It’s not easy getting to a place you’ve never been before. For us pre-medical students with no map, GPS, or set path, it’s even harder. We can’t simply make a turn and hear, in a comforting monotone voice, “Your destination is on the left.”
We sometimes get lost in the journey, and not in the way Arthur Ashe — a US tennis legend — wrote about when he said, “Success is a journey, not a destination. The doing is often more important than the outcome.” We get so preoccupied with how we will get into medical school that we forget why we wanted to become doctors in the first place.
It’s easy to focus on checking off boxes. When someone on a pre-med Reddit forum says that the baseline for extracurriculars is thousands of hours of volunteer work, at least one research project, and a couple hundred shadowing hours, that’s somewhere we can start, right? We can make a checklist and work away at it.
However, during the process, somewhere between your hundredth shift at the hospital and your second literature review, you begin to lose yourself. You sell your individuality and your joie de vivre to become a slave to the relentless yet jejune expectations you set for yourself based on talk from your fellow pre-med students.
I might not be able to convince you — after all, I’m in the same boat as you — but the bonafide genius Albert Einstein famously wrote, “A calm and modest life brings more happiness than the pursuit of success combined with constant restlessness.”
This doesn’t mean your happiness depends on quitting school and running a quaint chocolaterie in a small French town, nor is this a sign to drop all extracurricular activities and quote Einstein in your personal statement. The process of getting into medical school was never supposed to be easy: it serves as proof that we possess the arsenal of skills we’ll need once we cross to the other side.

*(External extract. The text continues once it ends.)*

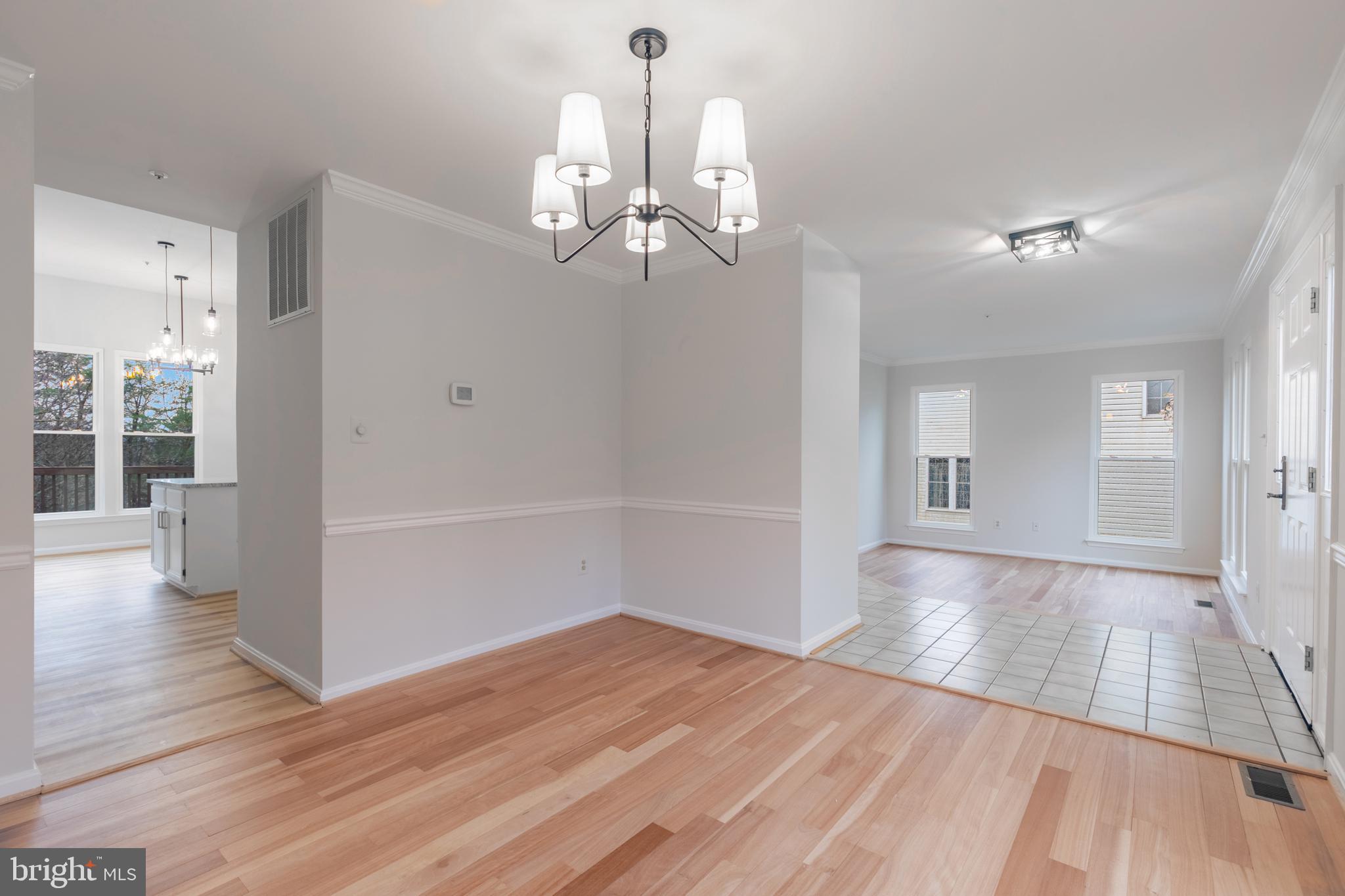 6314 Wood Pointe Dr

Therefore, it shouldn’t be reduced to something as simple as ticking off boxes, no matter how gruelling the activities behind the boxes were. As future doctors, we are expected to change the face of medicine — how can we do this if we are forced to fit into a rigid mold?

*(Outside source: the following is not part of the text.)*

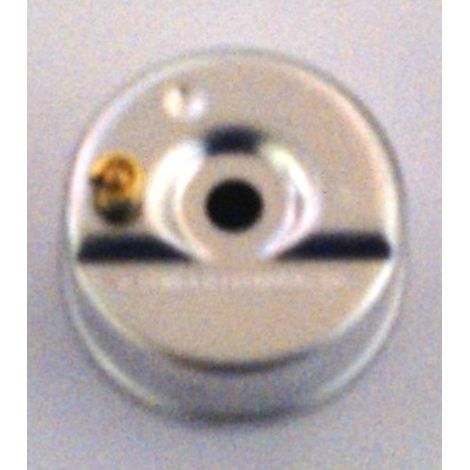 631951 - Cuve carburateur pour moteur TECUMSEH / ASPERA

The checklists are bad enough. Worse still is the maniacal obsession with sticking one’s foot in any door if there’s any kind of extracurricular activity on the other side. The pursuit of success is commendable; the restlessness is where the problem comes in. It’s this restlessness that is making us sacrifice our youth, our current happiness, and trading them in for sake of the rat race.
The life of any student requires dedication and hard work. With the additional responsibility of preparing for the medical college admission test, the required dedication and work logically increases. Why then must we further bog ourselves down with hours of unnecessary and often futile extracurricular activities?
Don’t get me wrong — I am by no means encouraging you to apply for medical school with no extracurricular experience under your belt. Illustrations of personality and personal development are necessary to create a strong medical school application. However, joining every student society available at U of T often does not lend itself to this growth.
Our acceptance into medical school is not contingent upon a demonstration of our ability to work endlessly like a machine, picking up every opportunity that graces our path. The mission of a doctor is to care for people. For that, we don’t need to be tireless cogs in a wheel, but human beings.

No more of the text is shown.